Another fabulous blog post from Alisa Desmond on milestones and moving forward.

New Horizons

Alisa Desmond

Last September, Rob and I received a text message late at night from our niece Erin who lives in Vermont with her husband Dave. She asked us to give her a call. Erin prefaced the message with, “Everything is okay, but please call me.” She wrote those words because she was nine months pregnant with her first child—a boy.

To my surprise, Erin seemed more interested in hearing about my life, so I droned on about work, the beach, and my writing. She was coy and finally, with tears pouring out of her, asked me if Rob and I would give her and Dave our blessing to name their child Jake. Erin and Dave insisted their child only be called Jake–touching for us for so many reasons. Our Jake’s formal name was Jacob, but he preferred to be called Jake.  What do parents like us who have lost a child say to such a question but YES?

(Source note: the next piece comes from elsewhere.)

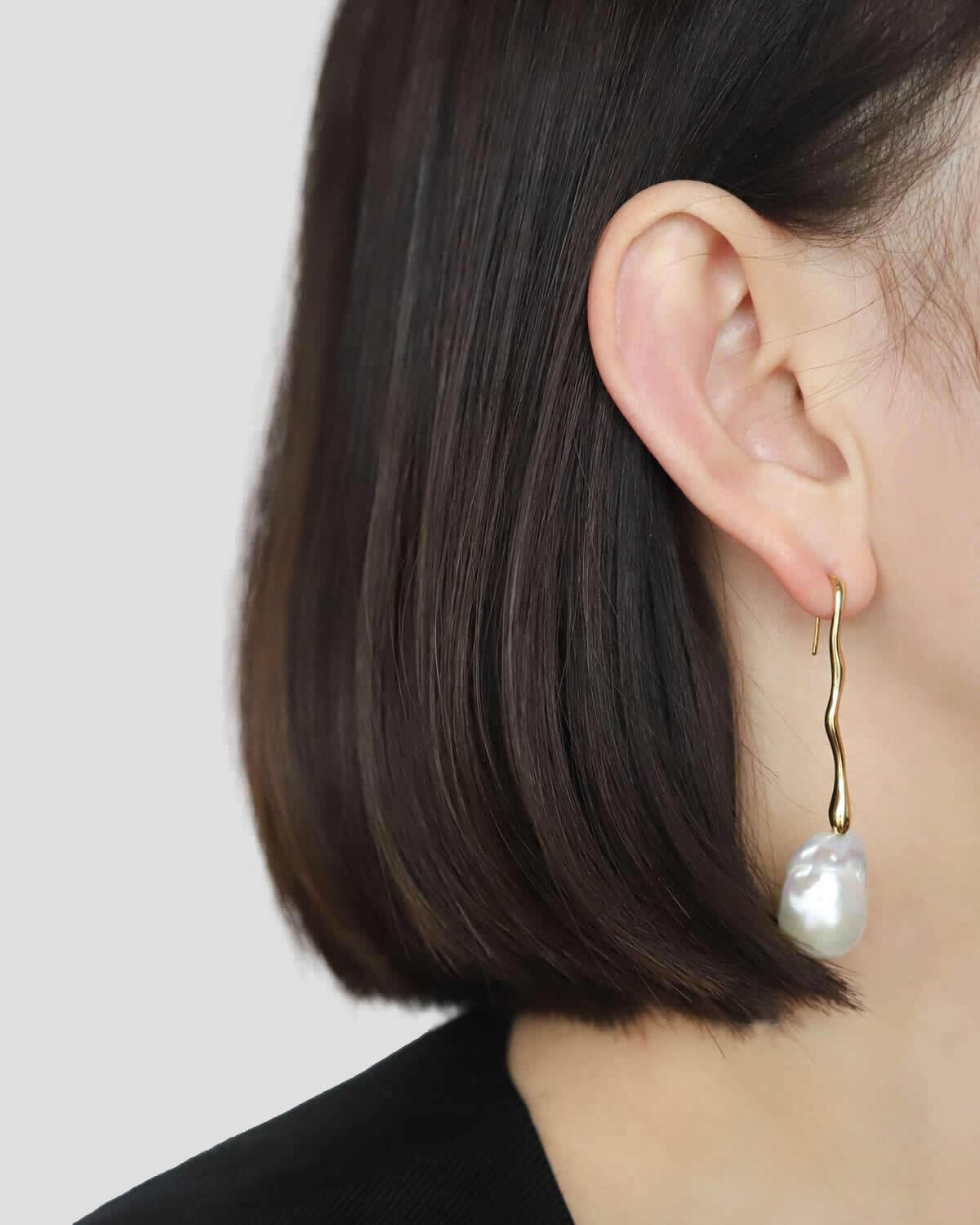 baroque pearl wave line pierce〈高品質 Sクラス〉 | LARICA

I was overcome with joy. I wrote in my journal that day: Today is the very best day since Jake has passed away. I feel happiness, peace, and contentment that I am letting go of some of my loss. My emotions are both sad and happy. I feel a sense of calm that our son is being honored. Erin and Dave have granted Rob and I a gift we could have never ever imagined. We are overwhelmed with gratitude that our child’s name will live on within our family.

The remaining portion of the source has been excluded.